As always, We start by importing libraries:
%load_ext autotime
import sys
sys.path.append("/Users/paul_000/Documents/Github/gastrodon")
from gastrodon import Endpoint,QName,ttl,URIRef
import pandas as pd
from base64 import b64decode
from rdflib import Graph,Namespace,RDF
from IPython.display import display_jpeg,display_html
prefixes=Graph()
prefixes.load('/xmp/prefixes.ttl',format='ttl')
endpoint=Endpoint("http://127.0.0.1:8890/sparql/",prefixes)
First I'll show you a list of RDF namespaces used in the XMP metadata packets. XMP metadata packets are encoded in RDF/XML and use XML namespace syntax to define RDF namespaces, which map short names to URIs, just as do XML namespaces.
The import process consolidates the namespace declarations used in the packets, bringing in declarations from a number of vendors. Most of them are in Adobe namespace, as Adobe developed the XMP specification, but frequently those represent terminology such as EXIF which were adopted from other vendors.
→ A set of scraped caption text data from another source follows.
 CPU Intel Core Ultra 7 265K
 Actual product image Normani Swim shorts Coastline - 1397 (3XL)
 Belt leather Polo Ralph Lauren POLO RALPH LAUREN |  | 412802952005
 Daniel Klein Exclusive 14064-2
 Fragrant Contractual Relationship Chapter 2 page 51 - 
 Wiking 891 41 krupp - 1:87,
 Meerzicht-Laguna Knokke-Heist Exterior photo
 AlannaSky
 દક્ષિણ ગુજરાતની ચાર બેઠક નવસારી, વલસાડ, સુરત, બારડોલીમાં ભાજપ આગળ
Note that namespace declarations are local to a particular graph (or database), thus somebody working elsewhere could define different short names for a given namespace, or assign a different namespace to a given short name. RDF data is serialized together with namespace declarations (just like XML) so you can exchange data between RDF databases without worrying about this.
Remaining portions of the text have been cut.